Location
250 East 400 South
St. George, Utah 84770-3699
United States
Contact
Telephone: (435) 673-3533
Facsimile: (435) 628-9383
Details
Announcement: 9 November 1871
Groundbreaking and Site Dedication: 9 November 1871 by Brigham Young
Private Dedication: 1 January 1877 by Wilford Woodruff, Erastus Snow, and Brigham Young
Dedication: 6–8 April 1877 by Daniel H. Wells (with Brigham Young presiding)
Public Open House: 15–25 October 1975
Re-dedication: 11–12 November 1975 by Spencer W. Kimball
Site: 6 acres.
Exterior Finish: Native red sandstone quarried north of the city and plastered white.
Ordinance Rooms: Three ordinance rooms (stationary) and eighteen sealing.

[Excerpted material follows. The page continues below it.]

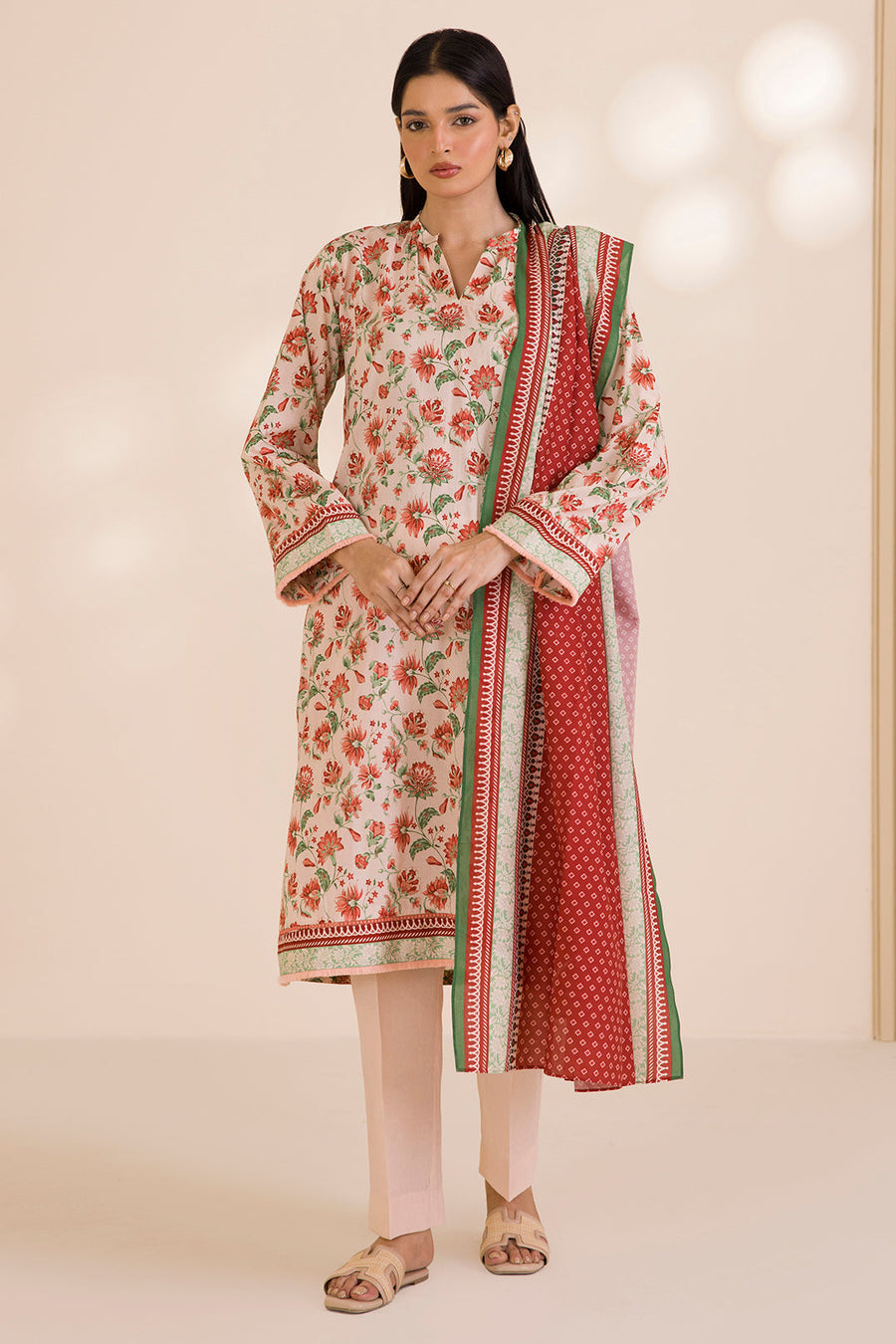 Zellbury Printed Cotton Unstitched 3Pc Suit WUC25X30025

Total Floor Area: 110,000 square feet.
Temple Locale:
Located on a city block in St. George's historic district, the gleaming white St. George Utah Temple is a striking monument among the red sandstone buttes that characterize Utah's Dixie. Sharing the grounds is a public visitors' center, which houses a replica of Thorvaldsen's Christus. Other nearby attractions include the Brigham Young Winter Home and the St. George Tabernacle.
Temple Facts:
The St. George Utah Temple is the oldest operating temple of the Church and was the first built in Utah.
The St. George Utah Temple was originally named the St. George Temple.
The St. George Utah Temple is the only temple completed during Brigham Young's 30-year tenure as president of the Church.
With a total of 18 sealing rooms (not all are in active use), the St. George Utah Temple has more sealing rooms than any other temple in the Church.
The swampy ground chosen for the St. George Utah Temple was packed with volcanic rock using a cannon as a pile driver, on display in the visitors' center.
The battlements that surround the St. George Utah Temple once functioned as chimneys for numerous narrow rooms that lodged traveling guests.
The St. George Utah Temple was originally patterned after the Kirtland and Nauvoo Temples with two large assembly halls featuring a set of pulpits at each end. The lower hall was partitioned with screens for presentation of the endowment.
The original tower of the St. George Utah Temple fell casualty to a lightning storm about a year after the dedication, leaving it badly damaged. A new tower was completed several years later, taller and more majestic than the first.
The St. George Utah Temple was privately dedicated on January 1, 1877, in a series of three dedicatory prayers: the baptistry by Wilford Woodruff, the main floor by Erastus Snow, and the sealing room by Brigham Young, Jr.
The St. George Utah Temple is the first temple where endowments for the dead were performed.
The Founding Fathers of the United States of America appeared twice to Wilford Woodruff in the St. George Utah Temple asking why their temple work had yet not been performed on their behalves. A striking painting depicting this singular event hangs in the temple lobby (That We May be Redeemed by Harold I. Hopkinson).
In November 1928, fire broke out, destroying the St. George Utah Temple annex. All records and furnishings were saved. Today's annex, located on the north side of the temple, was constructed in the 1950s and serves as the entrance to the temple.
The St. George Utah Temple was extensively remodeled for over a year from 1937 to 1938. The lower hall was permanently divided into progressive-style muraled endowment rooms.
Following a second major renovation project, the St. George Utah Temple nearly doubled its 56,062 square feet. It was opened to the public for an open house and formally rededicated in 1975. The progressive-style ordinance rooms, used to present 3 live-acting endowment sessions a day, were replaced with three motion-picture ordinance rooms that presented 14 sessions a day.